◆ What is being asked:
This exercise calls for the whole listing to be given again exactly, without images.

◆ Dataset extract:
::::
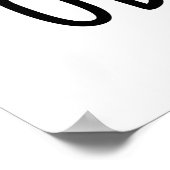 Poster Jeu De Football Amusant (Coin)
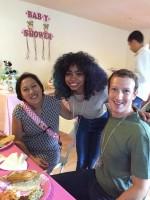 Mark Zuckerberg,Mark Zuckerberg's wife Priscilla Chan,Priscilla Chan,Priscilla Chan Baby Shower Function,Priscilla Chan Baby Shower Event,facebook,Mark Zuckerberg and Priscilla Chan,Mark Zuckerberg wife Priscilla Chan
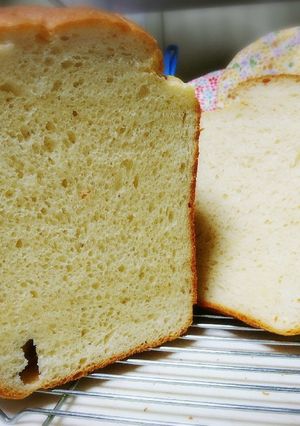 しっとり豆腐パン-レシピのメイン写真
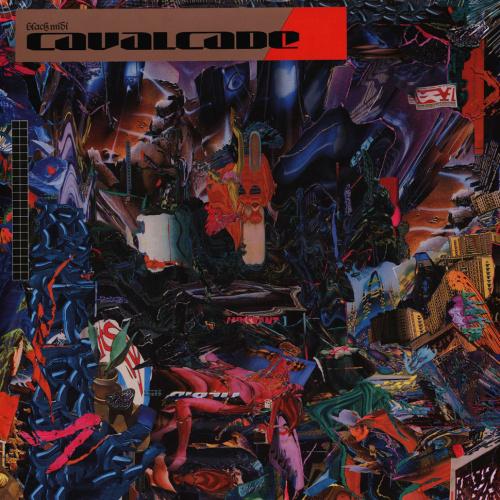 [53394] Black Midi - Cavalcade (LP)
::::
◆ Answer space:
 Poster Jeu De Football Amusant (Coin)
 Mark Zuckerberg,Mark Zuckerberg's wife Priscilla Chan,Priscilla Chan,Priscilla Chan Baby Shower Function,Priscilla Chan Baby Shower Event,facebook,Mark Zuckerberg and Priscilla Chan,Mark Zuckerberg wife Priscilla Chan
 しっとり豆腐パン-レシピのメイン写真
 [53394] Black Midi - Cavalcade (LP)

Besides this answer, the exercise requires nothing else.